I’m not sure if this feature exists and I missed it, but I’m wondering if there’s a way to throttle GUI password sign-in attempts to prevent the password from being bruteforced. I’m thinking some kind of global timer (maybe with exponential backoff) would be plenty.
Use case: I have a headless server running syncthing and the GUI endpoint is exposed to the internet. Although I’ve chosen a strong, unique password, I’m still worried that someone might try to brute force it.
Does this seem useful? Would it be difficult to implement?
I would be happy to take a crack at it, but I’m not familiar with Go or the codebase.
They are already throttled somewhat, in that a login failure takes a minimum of 100ms or something like that. You can integrate with external tools (like fail2ban) to get more control if you like.
Just to add more details, it uses bcrypt with some specific “work factor”, which claims to be bruteforce resistant.
That plus we do a random amount of sleep before returning an auth failure.

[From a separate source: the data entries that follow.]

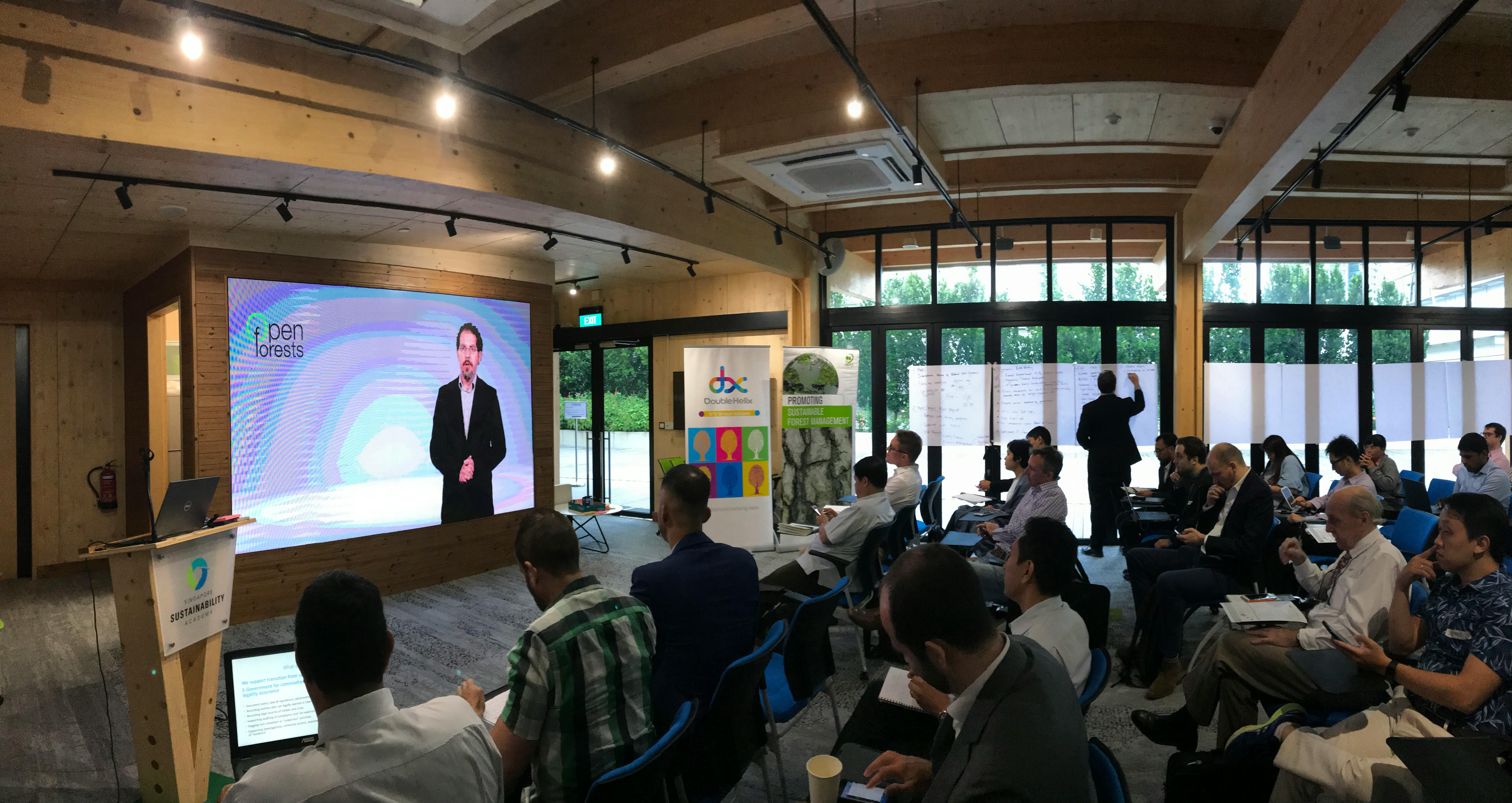 Committed collaboration for using IT in sustainable forest management in Southeast Asia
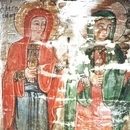 Biserica de lemn din Pausa - Femeile mironosite 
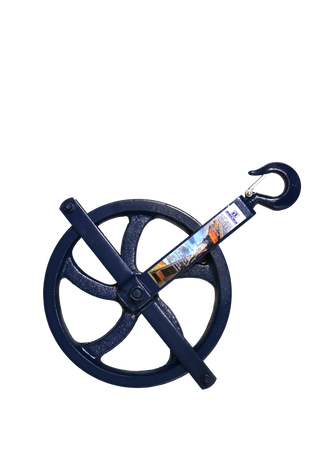 12" Heavy-Duty Iron Gin Wheel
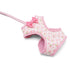 EasyGO Cherish Heart Step-In Dog Harness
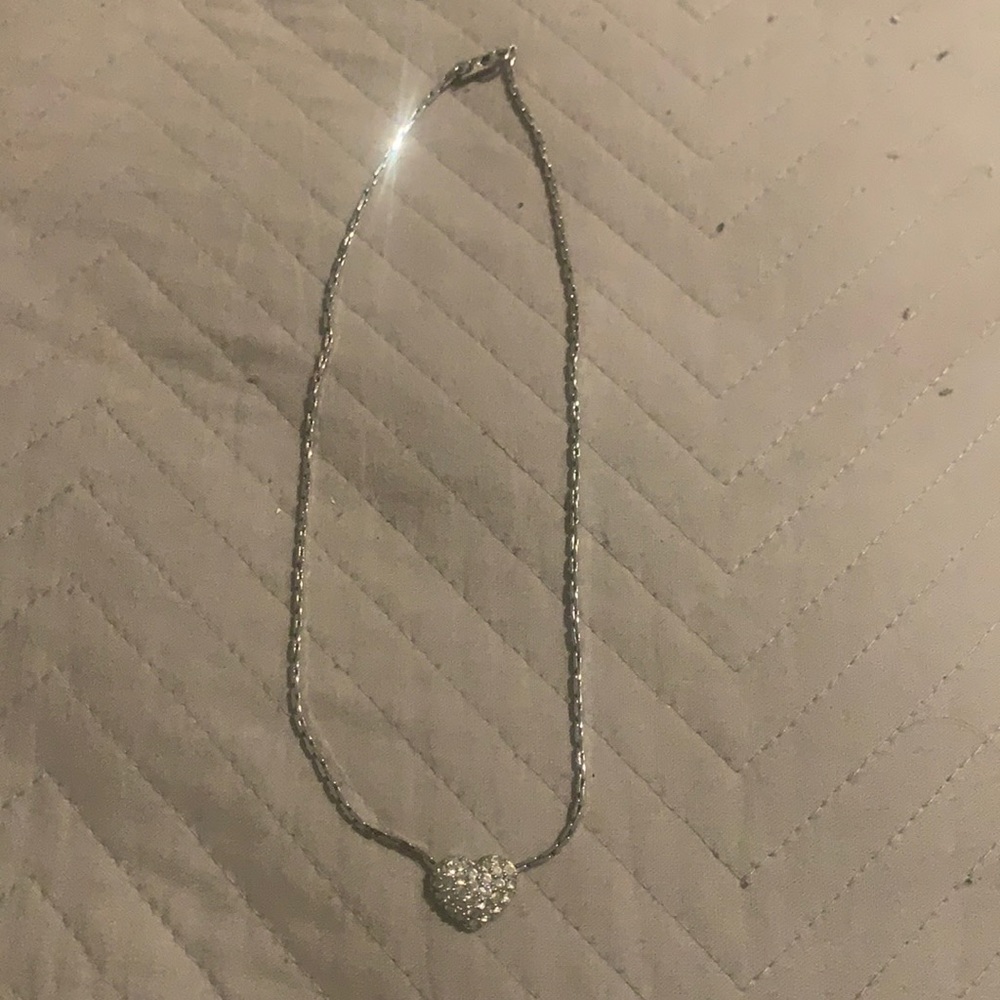 Swarovski heart necklace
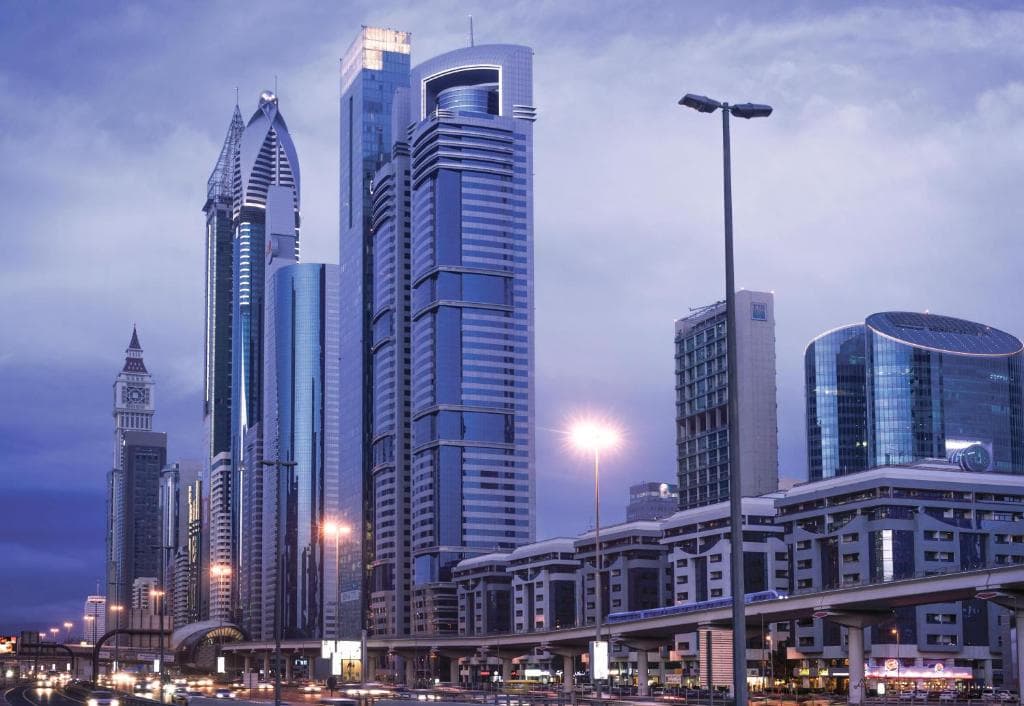 Hotel Carlton Downtown, Dubai
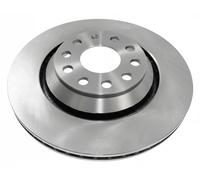 2x Disque de frein Essieu arrière ventilé de l'intérieur 24386 FEBI BILSTEIN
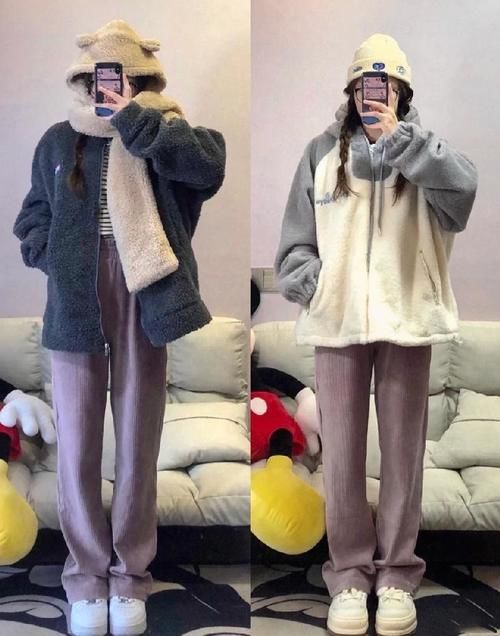 小个子女生的早春出行穿搭,一种穿搭一种心情,温柔清雅女人味!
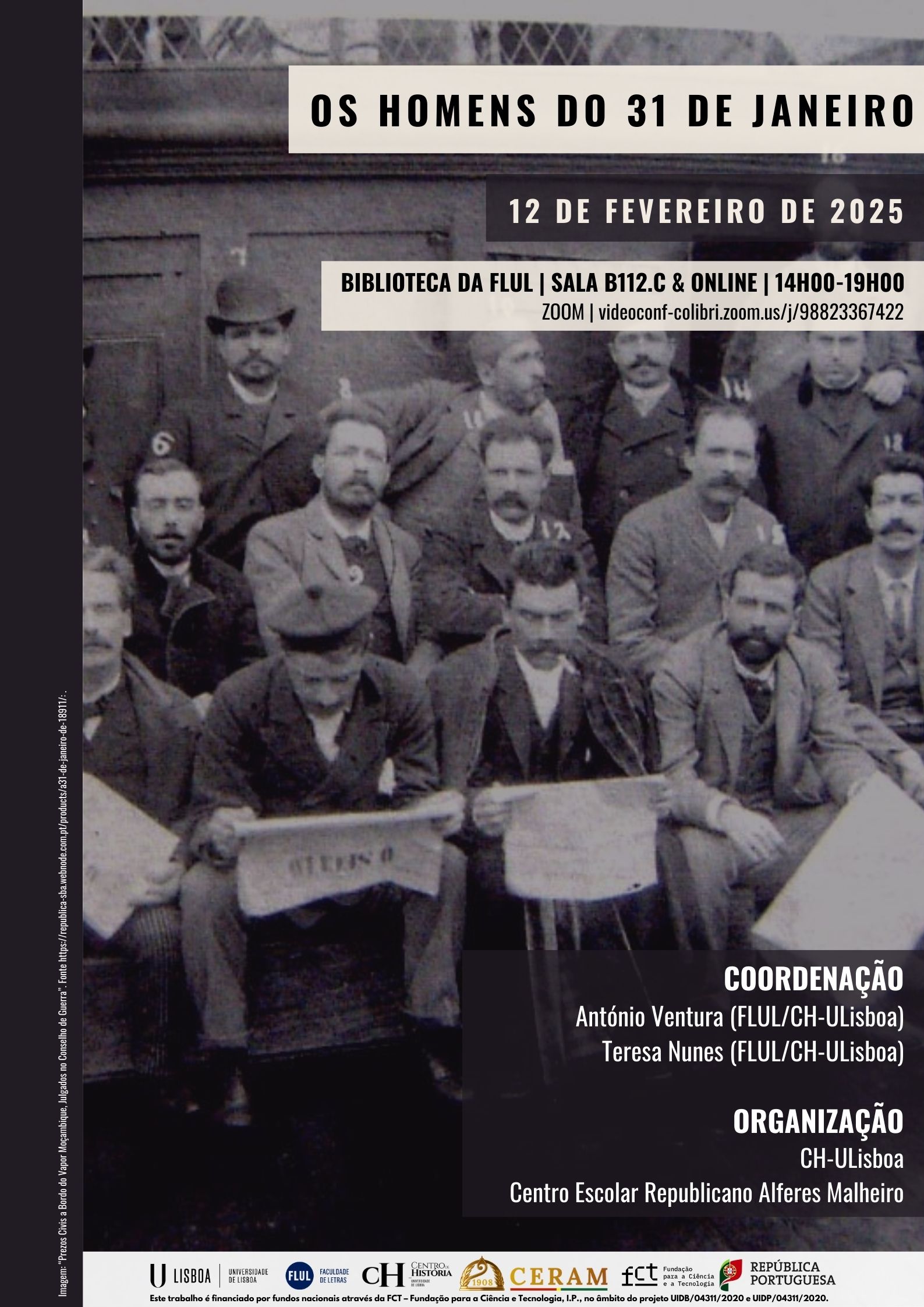 homens do 31 de janeiro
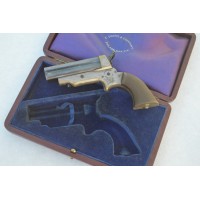 Armes de Poing PISTOLET SHARPS Modèle 1859 EN COFFRET D'USINE 4000exmplaires Calibre 32 RF -US XIXème {PRODUCT_REFERENCE} - 10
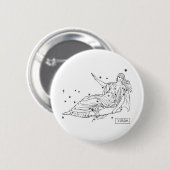 Virgo Ronde Button 5,7 Cm (Voorkant /achterkant)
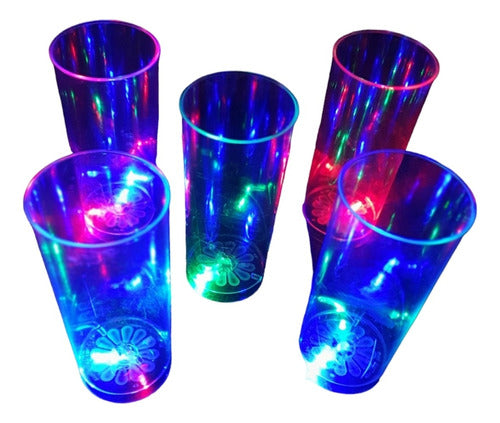 35 LED Luminous Cups, LED Light Party Supplies, Fluorescent!!! 0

Oh okay, cool. I trust the bcrypt difficulty factor. Do you know what factor is being used now, or if there’s a way to set a custom factor in the syncthing config file?
It looks like the code uses
0 which falls back to the default configured which might be 10? I remember the advice was to use a hash cost of 12 a few years ago, and stack exchange seems to agree?
I mean, you should still just setup fail2ban.
We don’t throttle the number of requests in any way, even if it takes 10s per auth attempt, you can just fire 10s of thousands of requests in parallel, but it will be obvious from logs that that is happening.
Okay, that sounds good. Thank you all!